Pictures are to be omitted. Output only the lines from the one containing "Back of TWP" through the end of the data, word for word.
Recorded information Block Start
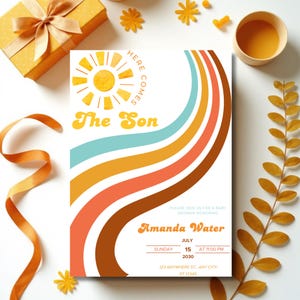 Editable Sunshine Baby Shower Invitation, Here Comes the Son Baby Shower Invite, Boy Sonshine Baby Shower, Boho Sunshine Shower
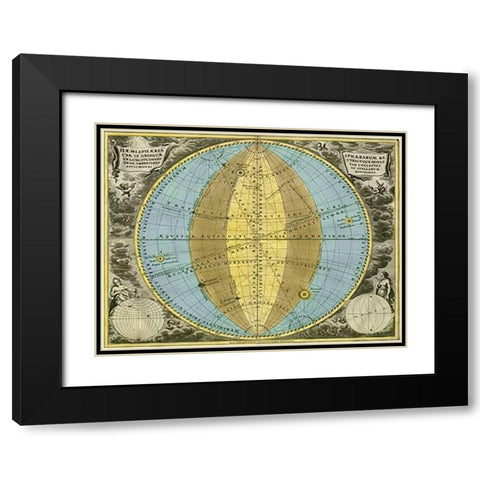 Maps of the Heavens: Hemisphaeria SphaeraMaps Black Modern Wood Framed Art Print with Double Matting by Cellarius, Andreas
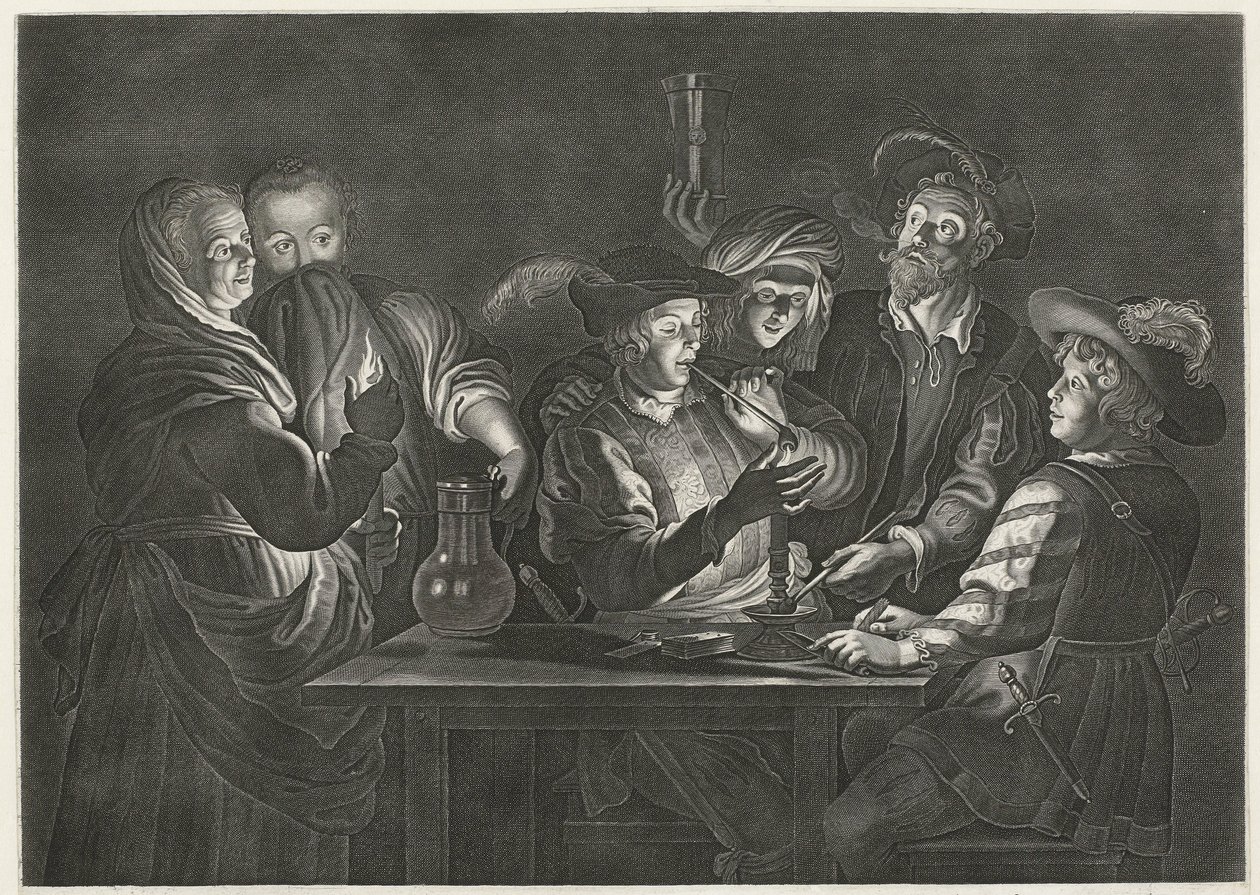Fumar e beber homens numa estalagem de Nicolaes Lauwers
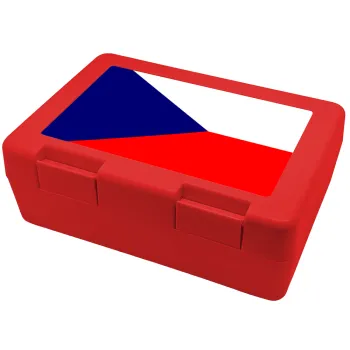Czechia flag, Children's cookie container RED 185x128x65mm (BPA free plastic)
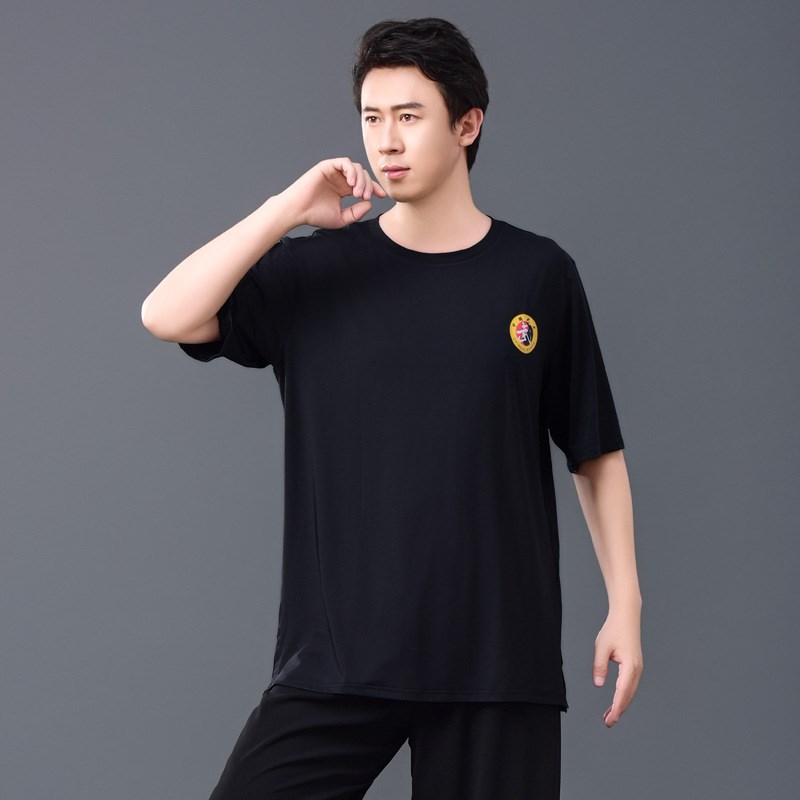 夏季新款太极拳短袖t恤运动表演晨练太极N服站桩男女牛奶丝速干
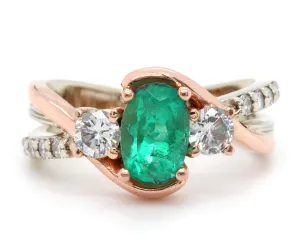 Three Stone Emerald Diamond Curved Rose Gold Ring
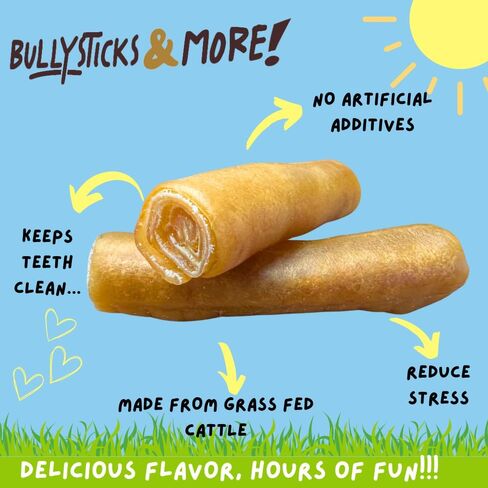 BULLYSTICKS & MORE 6 Inch Beef Collagen Rolls for Dogs (Regular Size - 12 Count) - Beef Cheek Bones for Dogs - Dog Parents Choice - Premium No Hide Beef Cheek Rolls - Thick Retriever Rolls for Dogs in Saudi Arabia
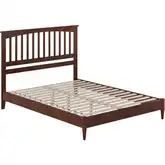 Becket Queen Low Profile Platform Bed in Walnut Wood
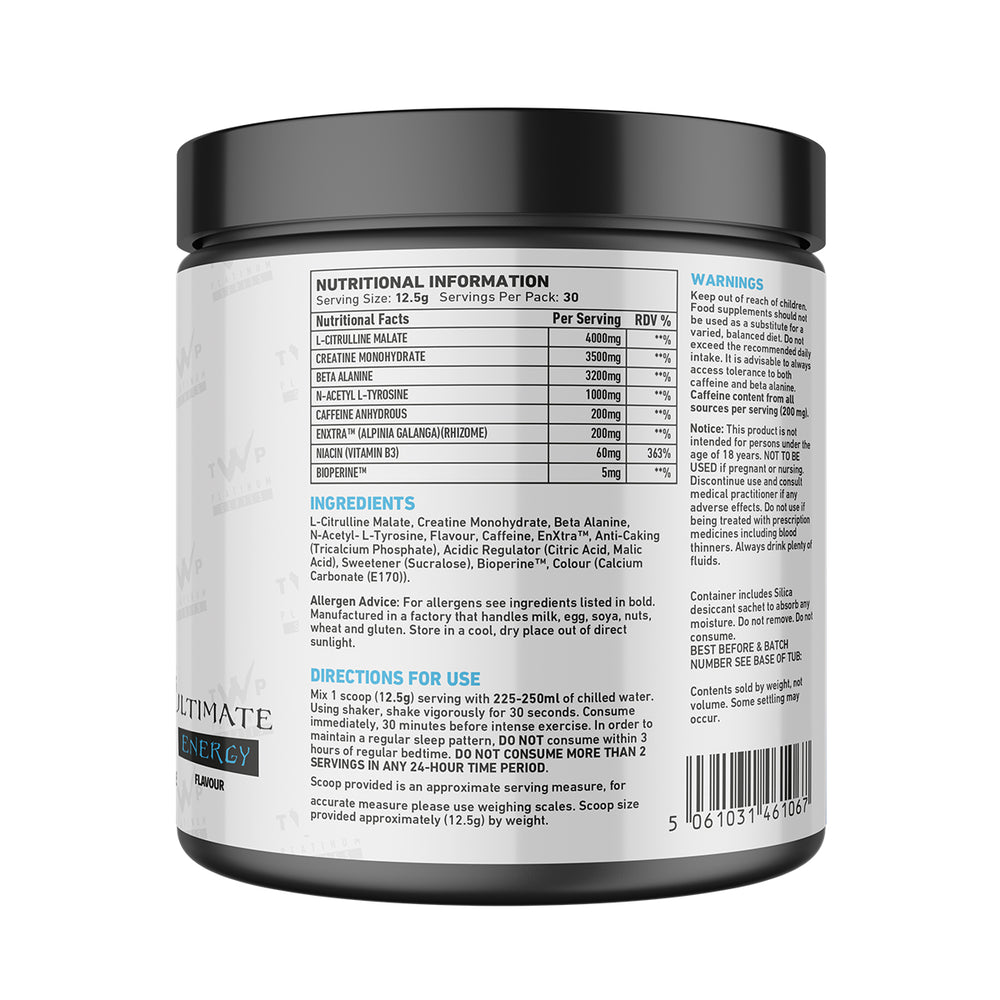 Back of TWP P.R.E. RAW Ultra Energy 375g tub displaying supplement facts, ingredient profile, and usage instructions, available at Goodsnet New Zealand.
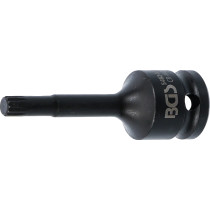 Douille à embouts à choc | longueur 75 mm | 12,5 mm (1/2") | denture multiple intérieure (pour XZN) M8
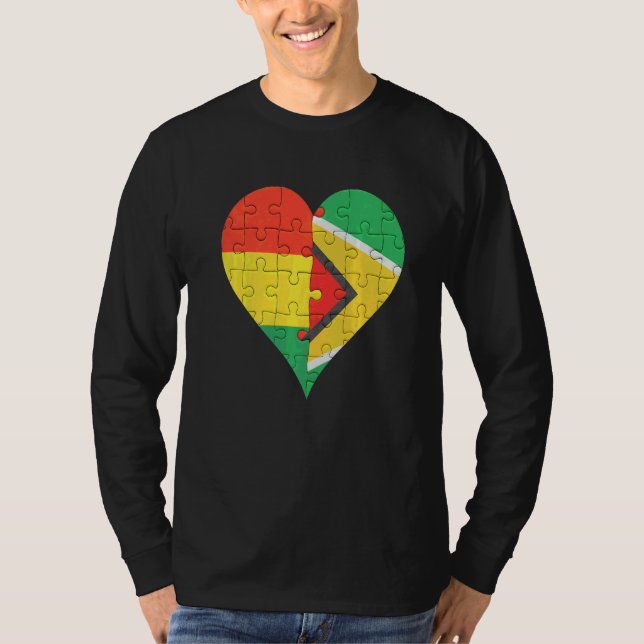 Bolivian Guyanese Flagga Heart T Shirt (Framsida)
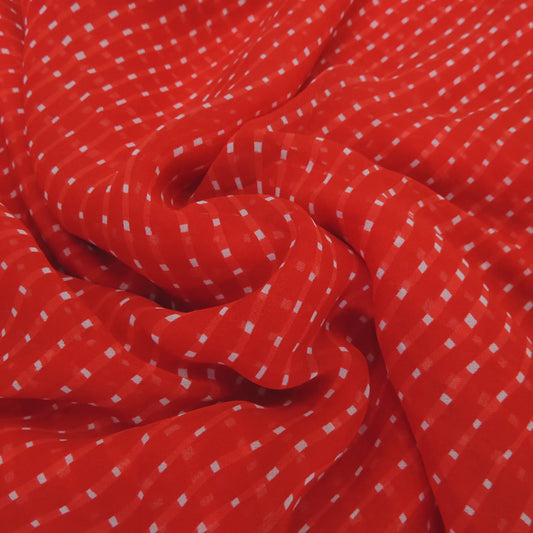 Maroon Bandhani Georgette Printed Fabric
Recorded information Block End
Exercise solution:
 Back of TWP P.R.E. RAW Ultra Energy 375g tub displaying supplement facts, ingredient profile, and usage instructions, available at Goodsnet New Zealand.
 Douille à embouts à choc | longueur 75 mm | 12,5 mm (1/2") | denture multiple intérieure (pour XZN) M8
 Bolivian Guyanese Flagga Heart T Shirt (Framsida)
 Maroon Bandhani Georgette Printed Fabric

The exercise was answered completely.